The Guadalajara International Film Festival is the most prestigious Latin American film festival and is held annually In Guadalajara, Mexico. Mexico has twice won the highest honor at the Cannes Film Festival, having won the Grand Prix du Festival International du Film for Maria Candelaria in 1946 and the Palme d'Or in 1961 for Viridiana, more than any other Latin American nation.
Mexico City is the fourth largest film and television production center in North America, behind Los Angeles, New York City and Vancouver, as well as the largest in Latin America.
The first "moving picture", according to sources by film historian Jim Mora, was viewed in 1895 using Thomas Edison's kinetoscope. A year later, the cinematographe projector was introduced by Auguste Lumière. Mexico's first queues appeared in cinemas in the capital to see international one-minute films such as The Card Players, Arrival of a Train, and The Magic Hat. The "silent film" industry in Mexico produced several movies; however, many of the films up to the 1920s have been lost and were not well documented.

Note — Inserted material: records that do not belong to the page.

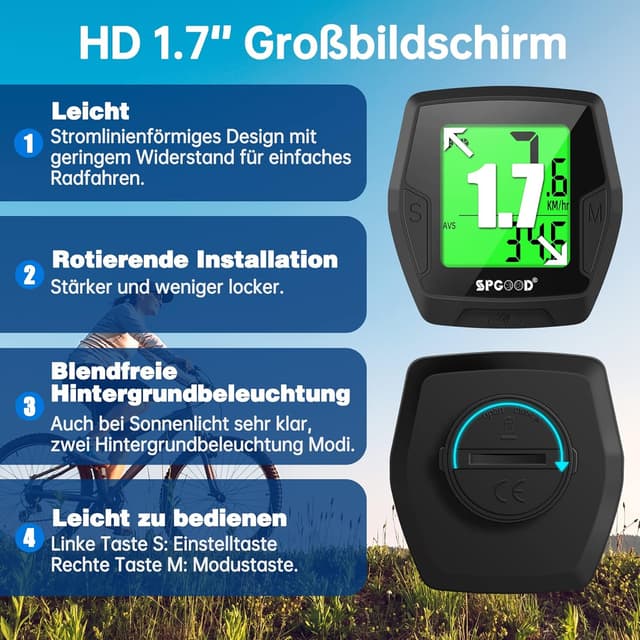 Detalle de SPGOOD kabelloser Fahrradcomputer mit 21 Funktionen, IP54 und beleuchtetem Display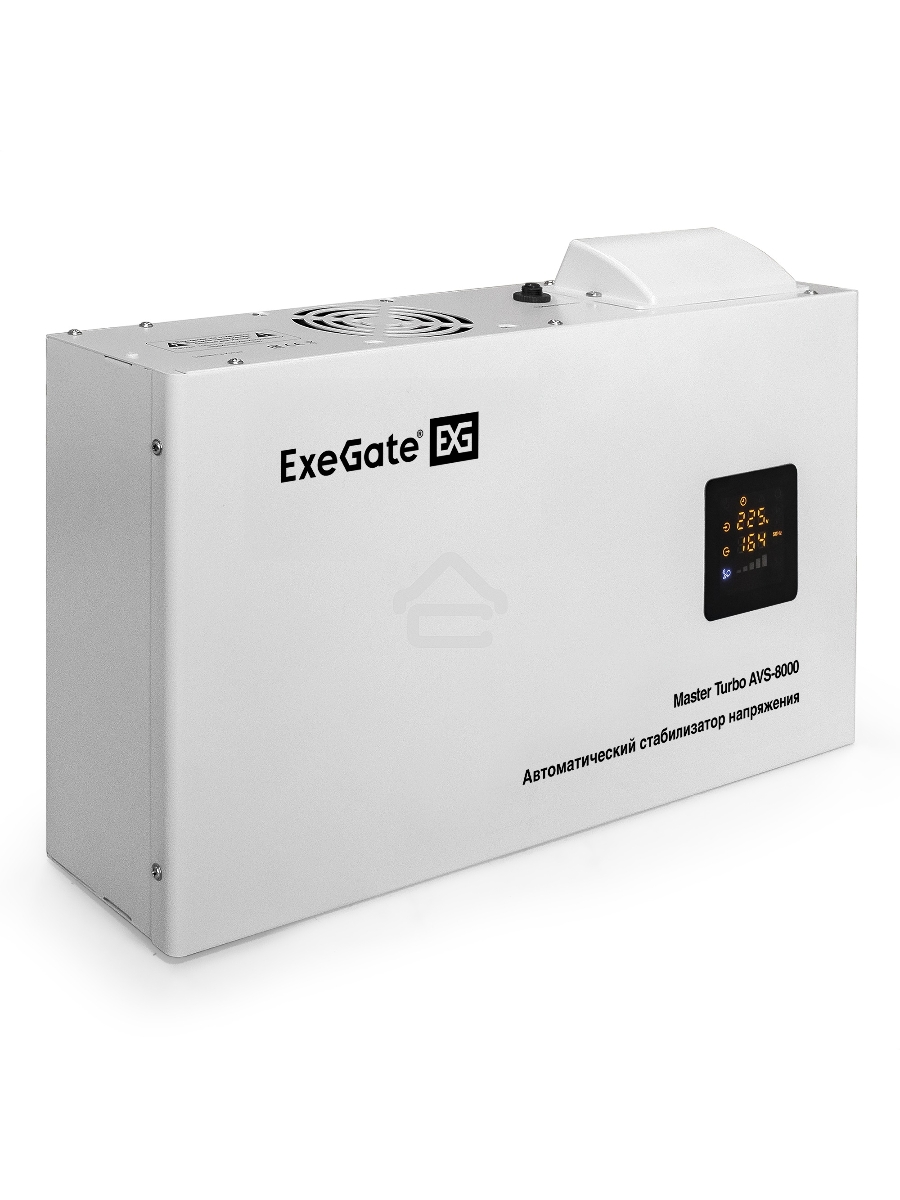 Стабилизатор напряжения ExeGate Master Turbo AVS-8000 (8000ВА, 100-265В, цветной дисплей, 220В±8%, КПД 98%, 5 уровней защиты, задержка, усиленный метал.корпус, клем.колодка+евророзетка, RTL)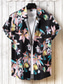 billiga Tropiska skjortor-Herr Skjorta Hawaii skjorta Grafisk Blommig Krage Ljusgul Ljusrosa Svart Vit Ljusblå Tryck Utomhus Gata Kortärmad 3D-utskrift Button-Down Kläder Mode Designer Klassisk Bekväm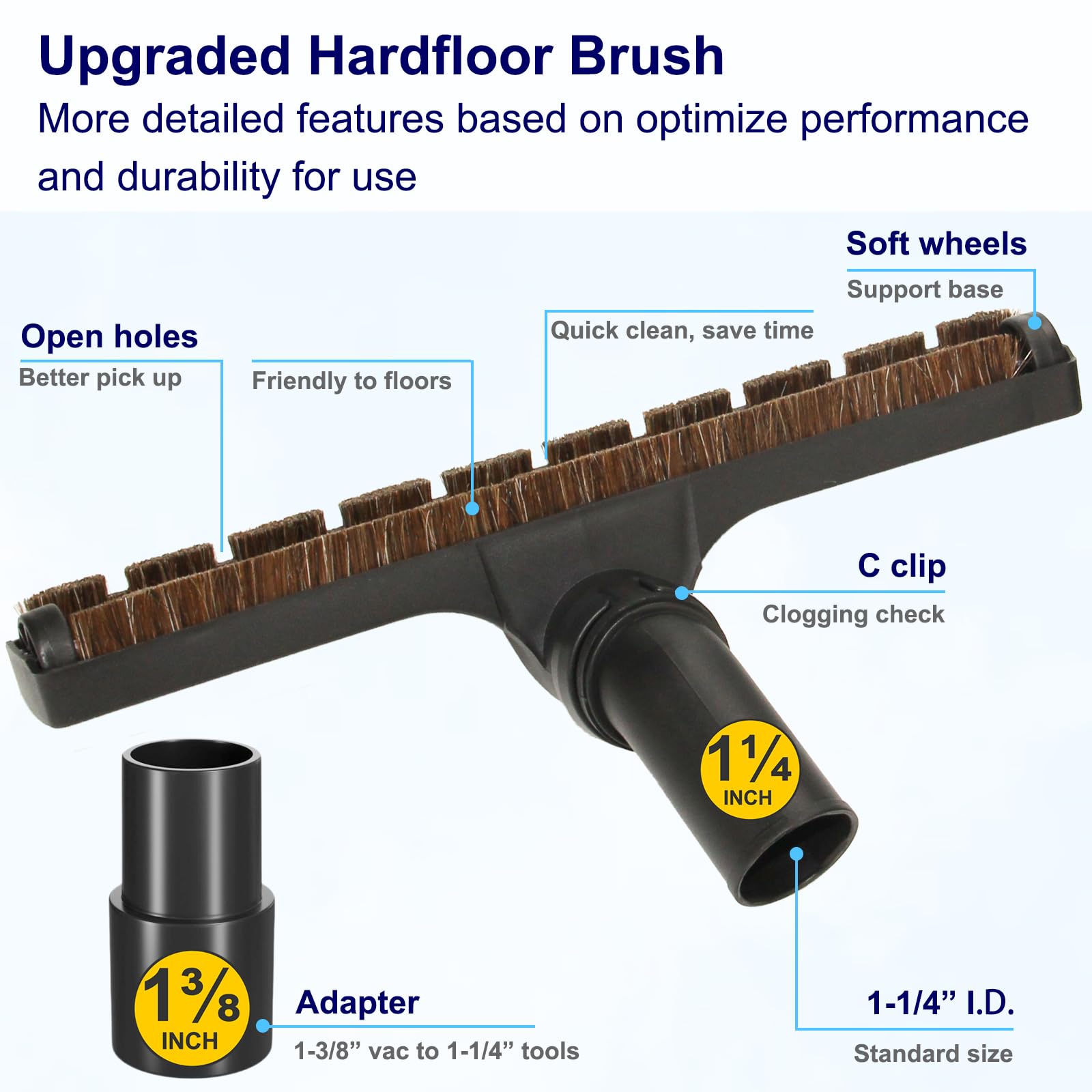 Cepillo de suelo universal de madera dura de 1 1/4 pulgadas con adaptador de manguera de vacío de 1 3/8 pulgadas, cabezal de suelo de 12 pulgadas de ancho (1-1/4 pulgadas de diámetro interior) con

The origins of early filmmaking is generally associated with Salvador Toscano Barragán. In 1898 Toscano made the country's first film with a plot, titled Don Juan Tenorio. During the Mexican Revolution, Toscano recorded several clips of the battles, which would become a full-length documentary in 1950, assembled by his daughter. Other short films were either created or influenced from French film-makers.